“见机行事!听我指挥,千万不要轻举妄动。”三叔说完伸出手啪啪对着我和胖子的嘴就是一拍,我们都没明白怎么回事儿,就感觉有什么东西顺着嘴巴进入肚子。
“三叔你不是又给我下盅了吧?”我话还没有问完,突然觉得一阵天旋地转。心想这还怎么见机行事,这不就是直接晕菜了吗?
接下来的事儿我不知道了,我只记得有意识形态的最后一个对话来自胖子和三叔。
“他直接挂了,怎么见机行事?”胖子问出了我内心没来得及问的话。
“韩小佟跟你不同,因为被我们用药次数太多了,所以体内产生了聚合反应,你就不会晕,但是,会感觉四肢麻木迟钝,总之,见机行事吧!”
这是我听到的最后一句话。就这样,不知道睡了多久,醒过来的时候,我们已经在一密闭的大车中。我和胖子被五花大绑,三叔跟死人一样躺在旁边,挨着我们,因为看起来已经行将就木了,所以也没有绑起来。
那老板娘和小姑娘不在我们身边。也许在开车。
自从我莫名其妙变成墨家巨子,已经遇到太多这样的事,见怪不怪了。
大车颠颠簸簸,不知道要开到哪里去,只觉得夜风习习,难道是我们在车上过了一天。
大阪这么小,能开哪去?
我看着胖子呆滞的眼神,想起昏迷前三叔的话,也许药性还在他身体上,又看了看一动不动的三叔,这到底是那个真的还是假的,我正犹豫,看到三叔的双手合成一个圆形放在腿前,这是三叔遇到困难的时候思考问题的方式,这么说是他装的,真栩栩如死啊。
“傻看啥呢,你!”
我正琢磨呢,胖子用嘴唇动弹着对我说。原来这家伙也在装呆。
“我们在哪儿?”我小声问他。
胖子耸了耸肩。看了一眼三叔。用牙缝里挤出另外四个字。
“见机行事!”
狗屁!我还没挤出这两个字,突然猛地一晃,车停了。
果然是那两个女人,不过这两人表情还是那么善良温和,真能装。
小姑娘爬上来,看了我们三一眼,一把扯过我的脖子,将我拎出去。
果然是夜里,冷风习习。我用呆滞的表情四下看了一眼,这里就是大阪四天王寺附近。我认得。十年游走大江南北,怎么能不知道这个地方?
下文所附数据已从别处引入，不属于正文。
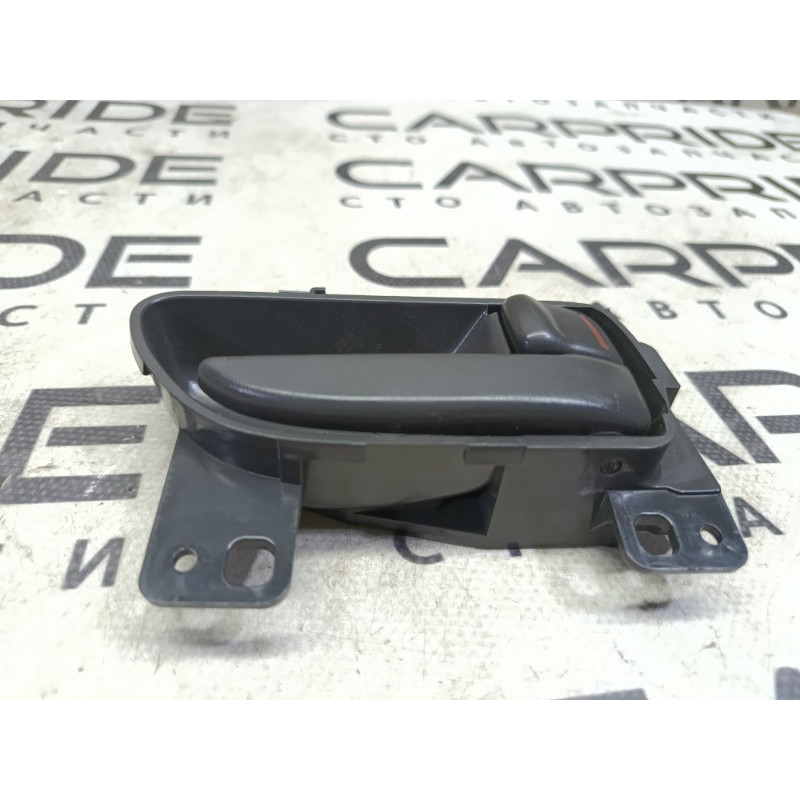 Ручка двери внутренняя (салон) Subaru Forester SH 2008 2.0 61051FG100JG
大阪四天王寺,是日本最早的佛教寺院,也是最受日本人信奉的庙宇之一。
建于593年的四天王寺,本尊供奉的是救世观世音菩萨,由圣德太子主持建造。当年,信仰佛教的圣德太子向四大天王请愿,如果能够打败以物部守屋为首的“排佛派”,就建造一座庙宇来答谢四天王,最后,圣德太子在战斗中完胜,并且履行了这个承诺。
虽然寺庙曾遭到很多天灾人祸的破坏,重修的建筑多为混凝土质地,但这并不影响四天王寺整体的韵味,它在飞鸟时代的风采不减,院内依然保留着一处全日本最古老的石制鸟居,历史味儿浓郁,珍贵而有特色。寺庙中的伽蓝回廊,一排排正红色的檐柱大气肃穆,四天王寺的西门是欣赏日落的最佳位置,素有“夕阳丘”的美称,此外,寺庙西边面朝大海,而西方又被佛教认定为极乐净土,很多僧侣或是虔诚的佛教徒都会选择在这里叩拜。
把我们带到这里来,是什么意图呢?
我正琢磨着,三叔和胖子也被两人扔了下来。我们三个装作七扭八歪躺在车前。小姑娘又是咯咯一笑。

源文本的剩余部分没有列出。